DPG, vendredi 13 septembre
Le Sénégal est une fois de plus en proie à une intense effervescence politique, alors que la date de la déclaration de politique générale (DPG) du Premier ministre Ousmane Sonko, initialement fixée au 11 septembre par l’Assemblée nationale, a finalement été décalée au 13 septembre par le président de la République Bassirou Diomaye Faye. Cette décision, qui s’inscrit dans un contexte politique déjà tendu, soulève de nombreuses questions sur l'avenir des institutions sénégalaises, la relation entre l'Exécutif et le Législatif, et les manœuvres politiques en cours.
Le scénario actuel entre l'Exécutif et l'Assemblée nationale au sujet de la date de la déclaration de politique générale rappelle étrangement celui observé lors de la fixation de la date de la Présidentielle de 2024. À l'époque, le Conseil constitutionnel avait fixé la date du scrutin au 31 mars, une semaine après celle du 24 mars décidée par le président Macky Sall. Cette divergence s'était résolue lorsque l'Exécutif avait pris des décrets conformes à l'exigence d'organiser l'élection avant la fin du mandat présidentiel le 2 avril.
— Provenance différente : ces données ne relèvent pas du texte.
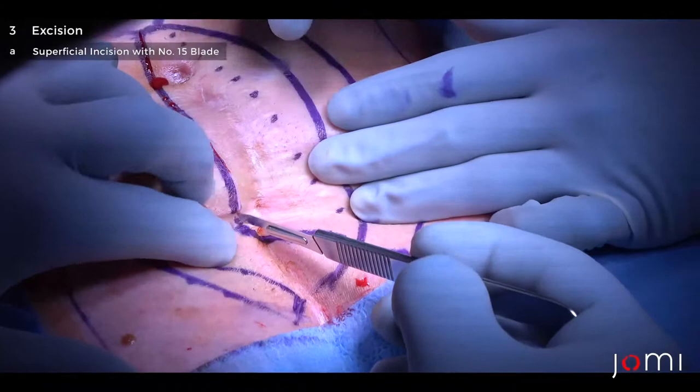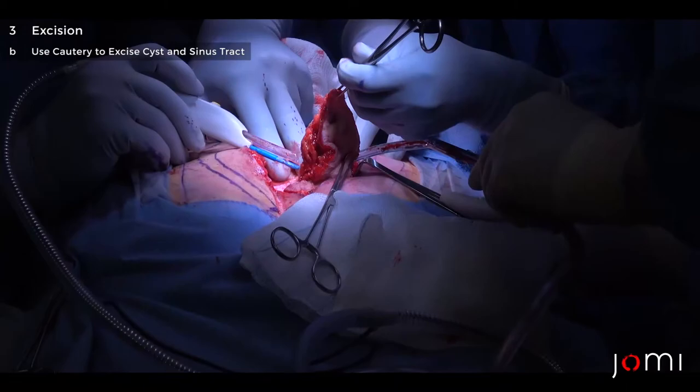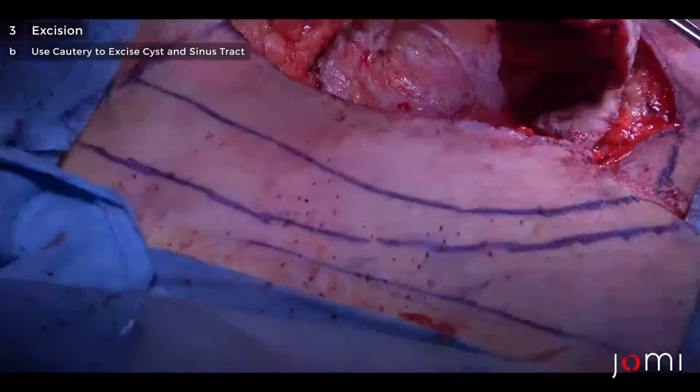The incision is always made with a 15 blade just for precision. We use a needle tip cautery for precision to get into the subcutaneous tissues, and then we excise the cyst, basically looking for the area of disease. We want to leave normal fat behind and remove the infected tissue, which is typically either purple or brown in color.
De même, dans le contexte actuel, les députés, malgré des tensions initiales, semblent finalement se conformer à la décision du chef de l'État concernant la tenue de la DPG, prouvant une nouvelle fois que le pouvoir Exécutif reste déterminant dans la gestion des échéances politiques majeures au Sénégal. L'histoire, à bien des égards, semble se répéter.
Une décision présidentielle qui redéfinit le débat
C’est par une lettre officielle adressée à l’Assemblée nationale que le président de la République a informé les parlementaires de sa décision de fixer la date de la DPG au 13 septembre. Ce décret, signé par Bassirou Diomaye Faye et transmis au président de l'Assemblée nationale Amadou Mame Diop, a surpris plus d’un, notamment du côté de l'opposition qui s'attendait à une tenue de la déclaration le 11 septembre, comme initialement proposé par les députés.
La DPG est un moment crucial de la vie politique d'un pays où le Premier ministre présente les grandes orientations de son gouvernement, expose ses priorités et sollicite la confiance de l'Assemblée nationale. La décision de reporter cette déclaration a donc des répercussions importantes, tant sur le plan institutionnel que politique.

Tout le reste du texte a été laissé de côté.